The first thing we need to do is to make both strings the same length; and secondly, we must ALWAYS check EVERY character before returning ‘same’ or ‘different’ …This is surprisingly difficult to do without introducing a new Timing Attack. But rather than show you lots of ways to get it wrong, let’s see a way to do it right.

Passwords should (where possible) be stored as Hashes …{DES, MD5, SHA-1, …} have now been shown to have cryptographic flaws, {SHA-256, SHA-3, Whirlpool, …} are still in good favour [Oct 2021] …You may know that ALL Hashes (generated by a given algorithm) are the same length …So if we Hash the guess and compare the Guess-Hash against the Stored-Hash, we have solved the first problem – the ‘strings’ (array of bytes) we need to compare are now ALWAYS the same length.

Secondly.
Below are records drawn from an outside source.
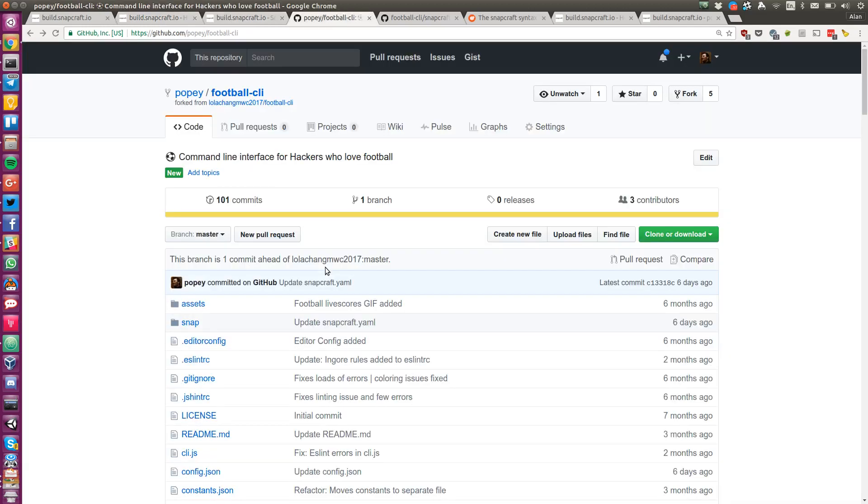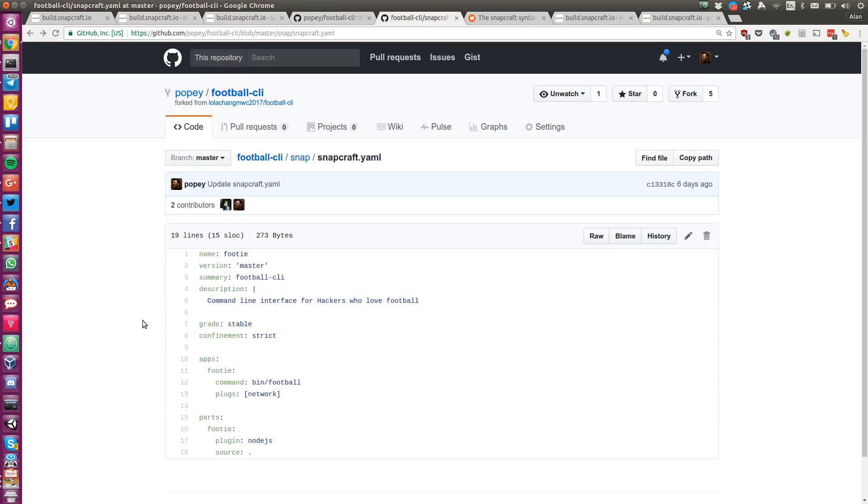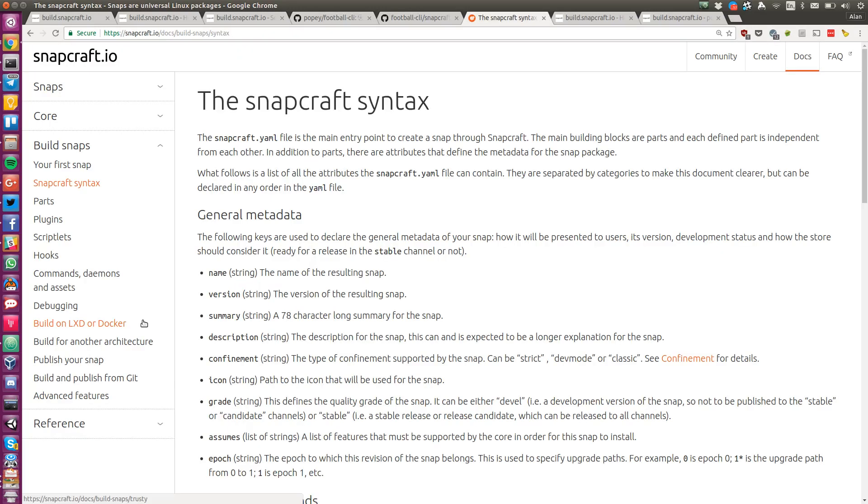Your project on GitHub should have a Snapcraft YAML. If it doesn't have one, then Snapcraft will generate a template for you. The YAML syntax is simple and well documented.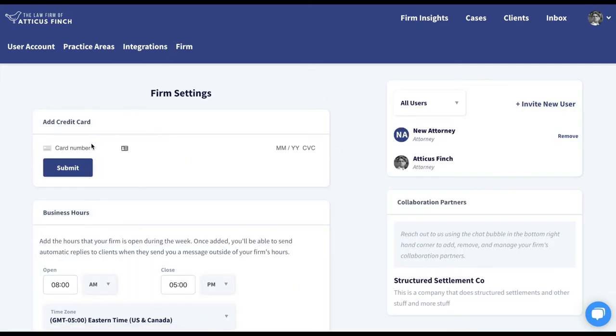Once you're on the Firm tab, up in the top left corner you'll see Add Credit Card. Here you'll add your credit card number.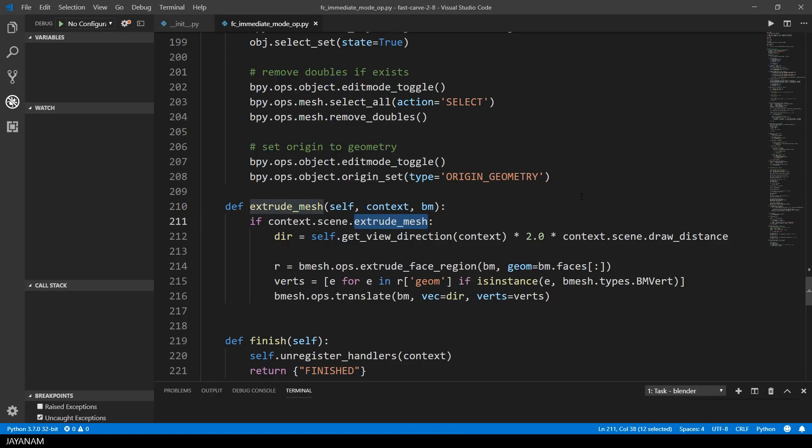It is implemented as a bool scene property, the same is true for the draw distance. I will see, perhaps I will turn this into a property of the operator itself. But let's move on to the extrude logic.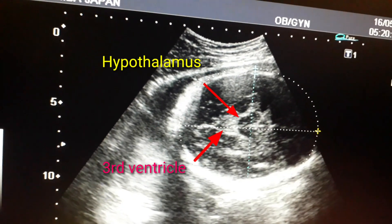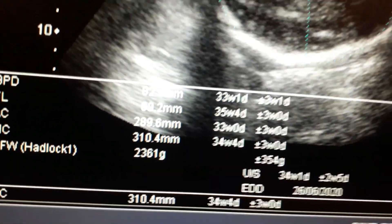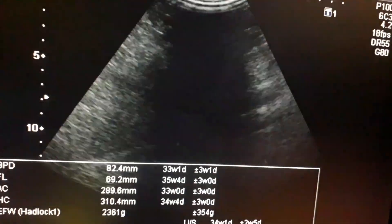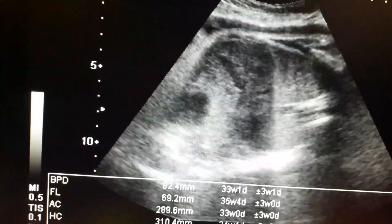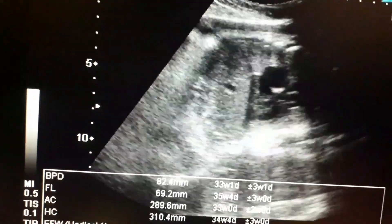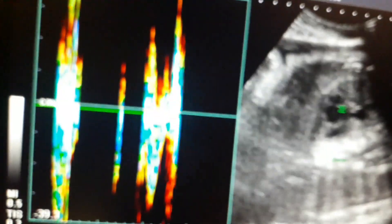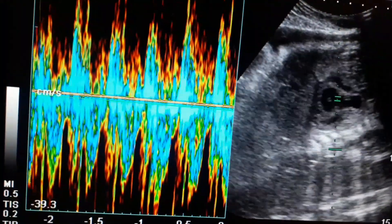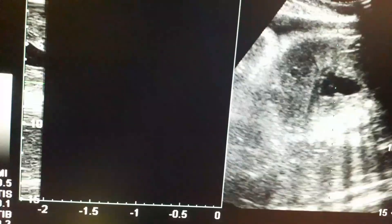You can see this is around 34 to 35 weeks. You can see the midline structure — that is the third ventricle as well as the hypothalamus.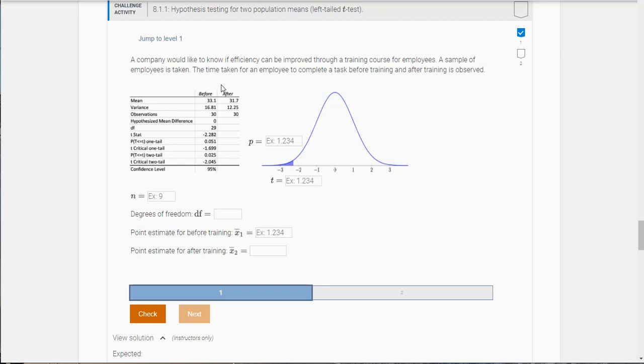So if we want them to be more efficient, we want them to take less time after the training and you can see that in the Excel spreadsheet. It says before the training and after the training.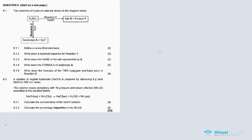Thanks for tuning in. This video will discuss question 8 for the November 2017 question paper. It's a question on acids and bases. In the description below is the total link for the acids and bases video created for this question paper. Question 8.1 and 8.2 is a two-part question, so we'll focus on 8.1 first and then 8.2.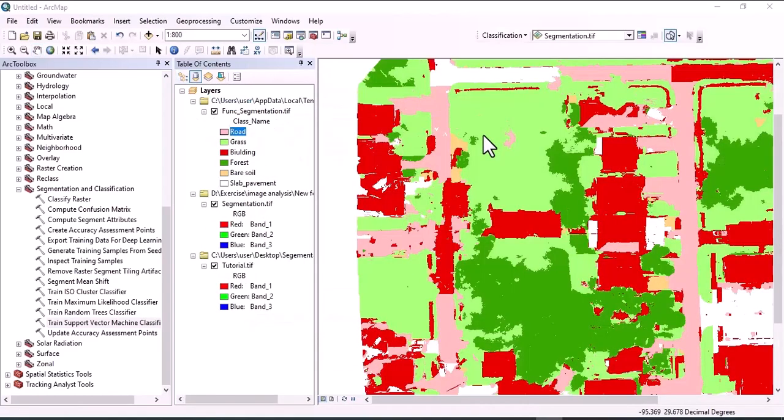We now get a classified image. That's it! If you found this video interesting, please don't forget to give a thumbs up, comment, share with your friends, and subscribe. Thank you.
How to make sure our Compare function ALWAYS takes the same amount of time to reach its decision …There are probably a lot of ways to do this, but the most common solution is to use XOR like this:

result = 0
index  = 0
LOOP WHILE (index < hashLength) {
    result = result OR ( secretHash[index] XOR guessHash[index] )
    index = index + 1
}
IF result == 0  THEN  return 'same'  ELSE  return 'different'

And this way ALL calls to the compare function take the same length of time to run …No more Timing Attack!

Footnote:
For readers not familiar with Boolean Logic – go and read up; but the essence here is:

If A and B are the same, (A XOR B) gives a result of 0
If A and B are different, (A XOR B) gives a non-0 result
If A and B are both 0, (A OR B) gives a result of 0
If either A or B are non-0, (A OR B) gives a non-0 result

So (looking at the second code block) the first time the XOR returns non-0 (different), the result becomes non-0 (different) and can never return to 0 (same).

A search for "cve timing attack" will provide you with a list of real-life examples.